Persimmon has confirmed a revenue of £3.4bn for 2017, up 9% on last year, as demand for housing continues to grow.
In its latest trading update, the firm said that it increased its completions in 2017 by 6% to 16,043, with an increase of 3% in the group’s average selling price, to £213,300.
The group is confident of delivering pre-tax profits modestly ahead of consensus, which stood at £957m prior to the update, according to Thomson Reuters.
Persimmon said: “Since the launch of our Group strategy in 2012 we have made a significant contribution to increasing UK housing supply by opening 1,189 new selling outlets and delivering 80,726 new homes to the market during which time we have increased our annual production by over 70%.”
“We continued to experience healthy customer demand for new homes through the autumn sales season and the value of our forward sales on 31 December 2017 was 10% ahead of the prior year.

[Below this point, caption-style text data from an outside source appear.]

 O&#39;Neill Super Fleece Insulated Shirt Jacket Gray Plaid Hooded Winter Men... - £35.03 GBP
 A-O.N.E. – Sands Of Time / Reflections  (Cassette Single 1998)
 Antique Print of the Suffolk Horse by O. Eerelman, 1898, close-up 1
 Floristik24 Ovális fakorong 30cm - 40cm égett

“We remain mindful of market risks including those associated with the uncertainty arising from the UK leaving the EU.
“However, we are keen to deliver further improvement in our housing output and remain ready to invest wherever the local planning environment is supportive.”
With the increased popularity of Help to Buy and the government’s announcement that it will cut stamp duty for first time buyers, demand for housing is only set to increase.
George Salmon, equity analyst at Hargreaves Lansdown: “With Help to Buy boosting demand for new builds, the pattern of housebuilders rising above more lacklustre data from the wider housing market is well-established.
“Sure enough, Persimmon has turned in another impressive performance despite the weaker than expected numbers in the latest Halifax survey.
“However, given the fact that uncertainty still hampers sentiment toward the sector, this update will nonetheless provide some reassurance for investors.
“In fact, with sales volumes and average prices continuing to rise, hopes will be high that Persimmon follows in the footsteps of Taylor Wimpey and Barratt Developments, the other two FTSE 100 listed national housebuilders, and bumps up its already generous dividend in February’s full-year results.”